The Software Optimization Cookbook: High-Performance Recipes for IA-32 Platforms, Second Edition

Before the Pentium processor, floating-point operations were executed either by a separate floating-point co-processor or a floating-point emulation software package. Either way, using floating-point numbers just about guaranteed a slow application. But those days are long gone and floating-point performance is now on par with the rest of the processor and even faster in some cases. However, the same issues that affect all instructions, such as data dependences, available instruction ports, and memory latencies, also affect floating-point operations. In addition to the common problems, you should be aware of a few additional issues that are specific to floating-point operations, which include numeric exceptions, precision control, and floating-point to integer conversions.
Floating-point operations can occur using x87 floating-point unit (FPU) instructions, using packed or scalar floating-point instructions supported by the Streaming SIMD Extensions (SSE, SSE2, and SSE3), or by direct manipulation of stored floating-point numbers with integer instructions. Each method has different performance advantages, capabilities, and issues that are discussed in this chapter.

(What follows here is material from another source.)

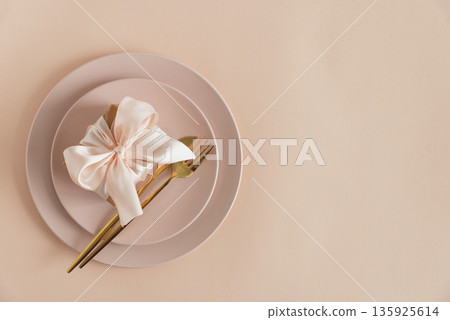 Gift Box on Elegant Table Setting. Romantic Valentines Day Flatlay in Soft Pink Tones 135925614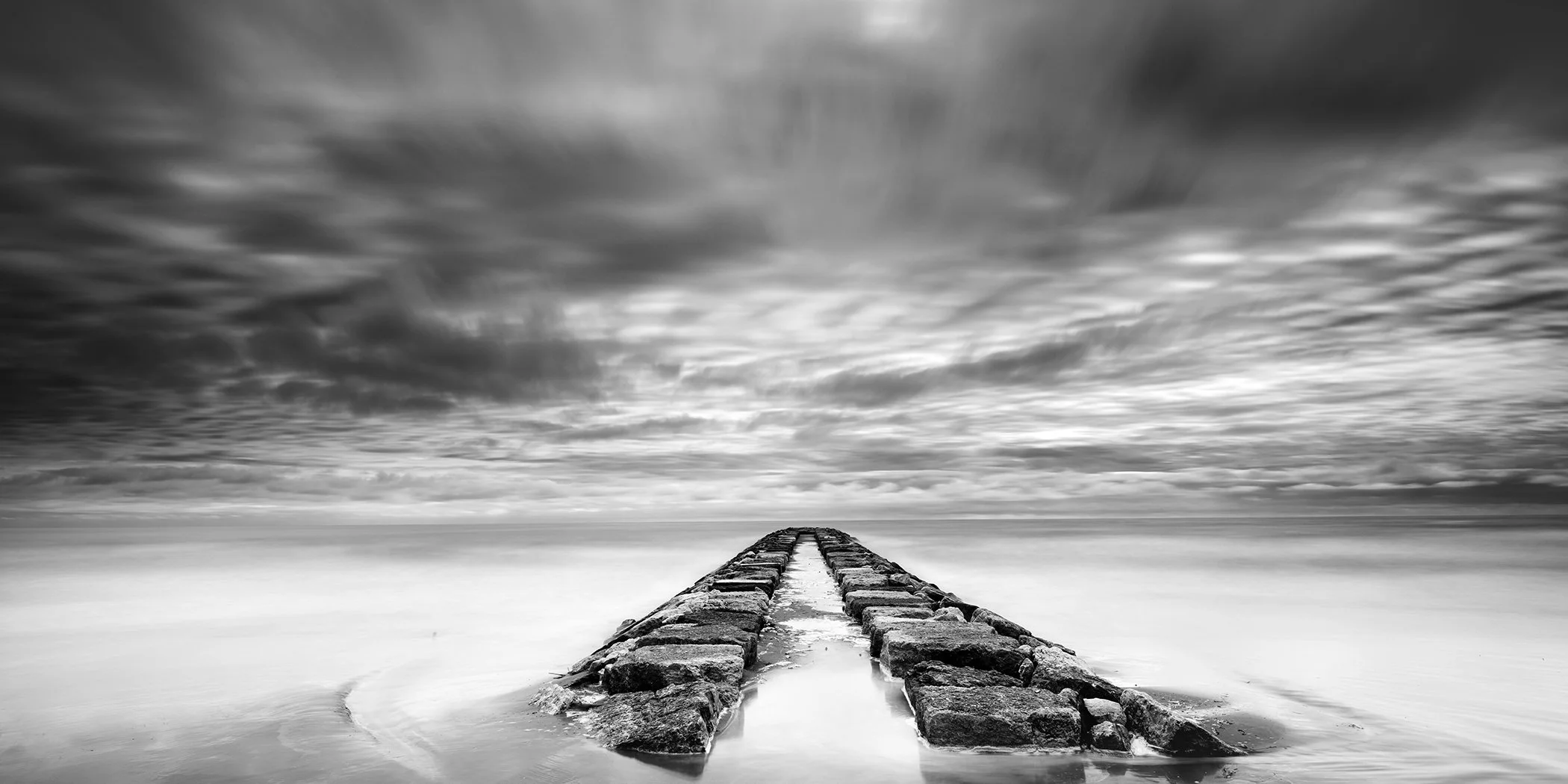 Rock Pier, Panorama Study 1 by Gerald Berghammer, minimalist black-and-white long-exposure panorama of a stone pier beneath dramatic clouds in Italy.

The x87 FPU and SSE/SSE2/SSE3 instructions can generate exceptions in response to certain input and calculation conditions. The processor handles exceptions by calling software handlers or, if masked, ignoring them and doing something reasonable like creating a denormal number. It is important to detect and eliminate floating-point exceptions because they usually indicate error conditions and almost always hurt performance. Table 11.1 is a list of all the possible floating-point exceptions.
| Exception | Description |
|---|---|
| Stack Overflow or Underflow | Attempt... |